Spotify's Kafka-Based Event Delivery System

serialpreneur · on Feb 25, 2016

Interesting blog post.

I don't have a good idea of the requirements at Spotify, but looks to me that using a streaming system like Storm or Spark Streaming would solve the 30 min event delivery delay they are experiencing w/ unstructured text -> Avro conversion. The latency for delivery would go down to sub-second levels.

raphar · on Feb 25, 2016

Also the article doesn't say WHY they didn't use Kafka to persist the events. Kafka it's designed to do that.

Once persisted the consumers can just read kafka data and send them to hadoop, with less latency. Or you can plug storm o spark in as you said and do the analisys there real time. Or both.

I'm just intrigued why.

RickHull · on Feb 25, 2016

They do talk about this:

> When the system was built, one of the missing features from Kafka 0.7 was the ability of the Kafka Broker cluster to behave as a reliable persistent storage. This influenced a major design decision to not keep persistent state between the producer of data, Kafka Syslog Producer, and Hadoop. An event is considered reliably persisted only when it gets written to a file on HDFS.

vgt · on Feb 25, 2016

Stay tuned for Parts 2 + 3 :)

kinofcain · on Feb 25, 2016

Interesting to look at the chart of event volumes at the end. Did Spotify just accidentally reveal the effect Apple Music has had on their growth rate?

Steep drop around mid-2015, some recovery since then. Hard to glean anything concrete, but interesting nonetheless.

brazzledazzle · on Feb 25, 2016

I would avoid reading into that since the text surrounding that chart indicate that the system was struggling with the load. That drop could have simply been them prioritizing and removing certain event sources in the clients while they figured out how to fix things.

pheeney · on Feb 25, 2016

I wish they went more in-depth into the particular events. They seem to imply the events are user actions, which I took to mean user played this song, user viewed this playlist, and other analytics.

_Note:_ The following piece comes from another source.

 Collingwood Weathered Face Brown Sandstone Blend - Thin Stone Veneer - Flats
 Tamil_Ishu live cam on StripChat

However do they, or would you, use a system like Kafka as an event source instead of the db. So you would also capture events like user added this song to their playlist that would get persisted to the event source db and then eventually a view model instead of directly to a relational db. It doesn't sound like they do that due to the delays, but I can't find a lot of real usage blog posts about how much to put into something like kafka.

dundun · on Feb 25, 2016

You certainly can use a db for an event source. This article does a really good job of explaining how: http://www.confluent.io/blog/turning-the-database-inside-out...

As mentioned in the post, we've pushed Kafka to at least 700,000 events per second. We have room to push it to much more, but stay in tune for post 2 and 3 to see what we're doing instead.

pheeney · on Feb 25, 2016

That is actually the post that got me into event sourcing / streams. As far as user analytic type events go this makes complete sense to me. What I haven't been able to discern is whether its useful to use this architecture on a much much smaller scale for things that may not be user events.

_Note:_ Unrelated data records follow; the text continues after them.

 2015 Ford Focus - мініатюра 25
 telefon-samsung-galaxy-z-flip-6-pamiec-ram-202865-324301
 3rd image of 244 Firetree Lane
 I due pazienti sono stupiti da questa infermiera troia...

I love the thought of throwing everything into a stream and populating the read models, analytics, search index, etc with the data. However, for example if you had a CMS / ecom for a smaller organization, should the admin actions also be events? If you have an event source db, they would have to be, and you get all the benefits outlined from the article.

At what point do you decide what to put in the stream and what to build without? Are there events that should never be in a stream? Those are the questions I have been researching but I haven't found a lot of resources or discussions around making these decisions.

pheeney · on Feb 26, 2016

My current thought process is you use a relational db like postgres with json support to go from hobby / early startup to traction where you would need to start being concerned with scaling. At that point you switch to kafka or related hosted tools.

As far the data you put into the stream, I would think it could be everything if you treated all data as immutable even admin actions? Only thing that seems up in the air is transactions.

That is as far as I got though. I don't work with a company that has that kind of scale to use this, but I'd like to start working with it.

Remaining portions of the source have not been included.